When you’re ready to write your next blog post, read through your list of ideas to find one that strikes your fancy for the day, and then follow these steps:
Identify a need
Maybe the idea you jotted down is something simple like “business plans.”
That’s a very broad topic but it’s just a starting point.
Identify your readers’ needs.
For example, maybe your readers need to know how to create a business plan, or the benefits of having a business plan, or how to write a business plan when you’re applying for a grant.
Now you have a narrower topic that’s relevant for your readers.
Picture a friend
When I’m writing a post I always picture one of my friends and I imagine I’m speaking to him directly, across the kitchen table, while we’re sharing a pot of coffee.
I imagine all the questions he might ask and this helps me to cover all the bases so my readers understand my message, no matter their skill level or knowledge base.
Don’t be a copycat
There are only so many ways you can state a fact or idea and with all the competition out there there’s bound to be some overlap.
But don’t simply regurgitate the same information you see on all those other blogs.
Find a new angle, give it a twist to make it unique, interesting and relevant for your readers.
Choose a topic that matters to you
There are times when I look around the other blogs in my niche and I see they’re all talking about the same thing – Google’s latest update or Facebook’s recent privacy violation.
I know these topics are relevant for my readers, too, but if they don’t matter to me that day I already know I won’t do a good job covering them.
Better to either choose a topic that resonates with me or let a topic choose me, instead of the other way around.
But if I want it to be interesting for my readers then it has to be interesting to me, too.
Stay On Top Of The Trends
Don’t ignore those trending topics, though, because if they’re popular on other blogs your readers probably want to know about them, too.
If you don’t give your readers what they’re looking for they’ll go somewhere else to find it.
If you just can’t bear to follow a trend today, them make plans to follow it tomorrow.
Planning ahead also helps you come up with new ideas and angles to make your content unique and interesting, and sometimes that’s all you need to get you back in the groove.
One post, one topic
Remember, your posts must provide value for your readers.

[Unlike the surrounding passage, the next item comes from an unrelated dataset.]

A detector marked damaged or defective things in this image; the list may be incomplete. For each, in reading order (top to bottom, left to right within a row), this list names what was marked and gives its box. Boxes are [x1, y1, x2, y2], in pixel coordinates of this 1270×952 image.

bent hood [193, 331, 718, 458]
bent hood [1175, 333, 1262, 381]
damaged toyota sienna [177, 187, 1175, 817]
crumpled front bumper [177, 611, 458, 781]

But it’s also important to remember that online readers are always impatient to move on to the next blog.
They don’t read your post word-for-word, they only scan it.

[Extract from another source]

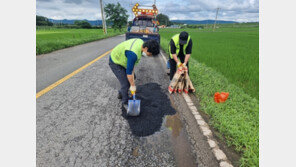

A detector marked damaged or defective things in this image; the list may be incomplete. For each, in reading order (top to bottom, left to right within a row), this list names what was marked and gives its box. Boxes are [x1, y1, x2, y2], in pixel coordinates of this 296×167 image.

asphalt patch [122, 82, 177, 137]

And because they only scan your post you need to make sure they’re able to get your message, otherwise they don’t get any value from your content.
Having too many topics in one post makes it difficult for the reader to find, read and absorb your message.

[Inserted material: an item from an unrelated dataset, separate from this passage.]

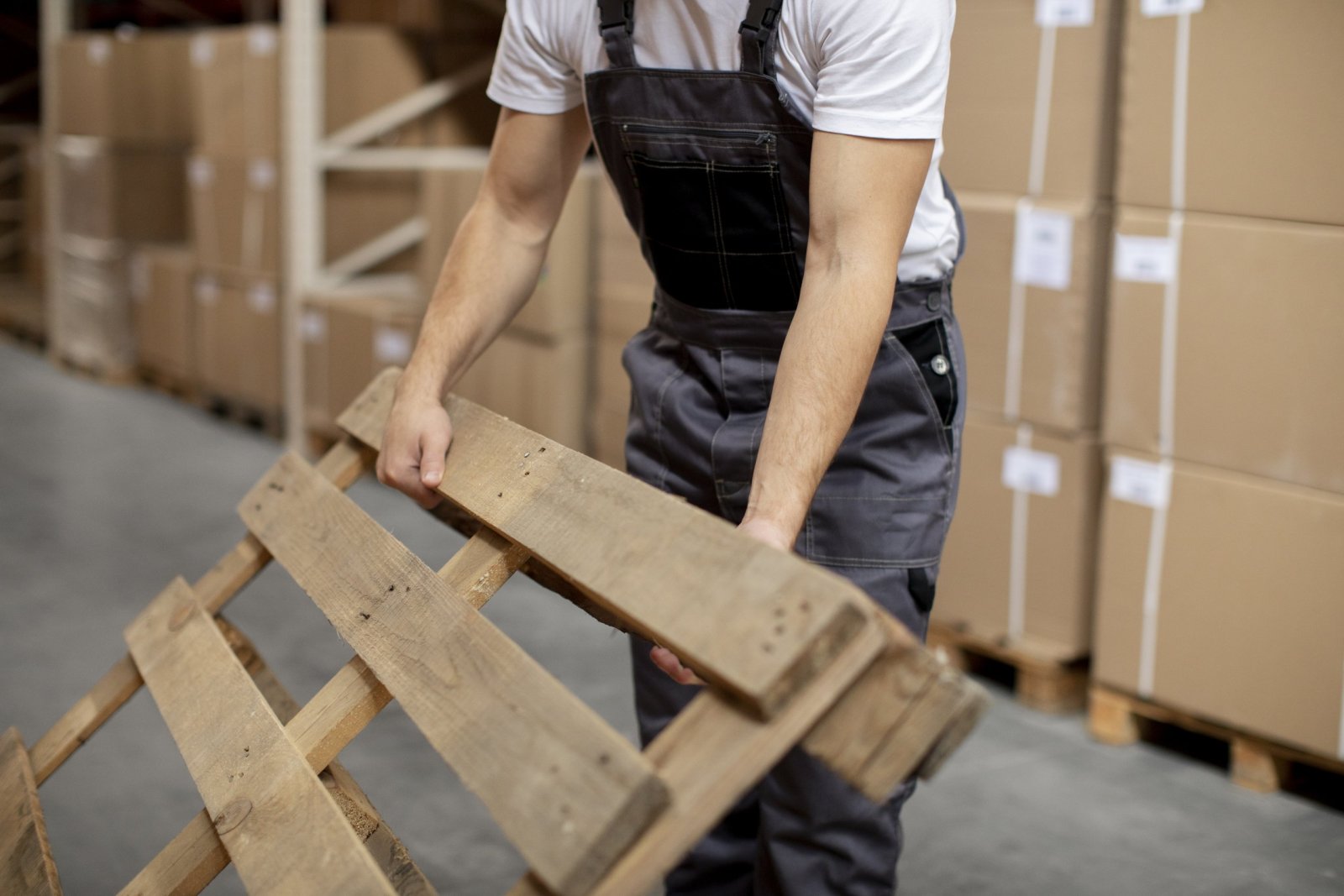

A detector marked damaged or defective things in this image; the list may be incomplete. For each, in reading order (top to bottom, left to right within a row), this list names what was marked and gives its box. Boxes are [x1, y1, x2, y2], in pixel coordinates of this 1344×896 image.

broken pallet [0, 368, 989, 892]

It helps to use an editorial calendar to plan your blog posts in advance.
Not only can you plan your topics better but you can also plan the types of posts you want to create, such as list posts or How-To posts.
It’s especially helpful for planning series posts.
You can also map out the purpose for each post.
With an overall weekly or monthly view you’re able to clearly see where you need to make changes to fill in holes.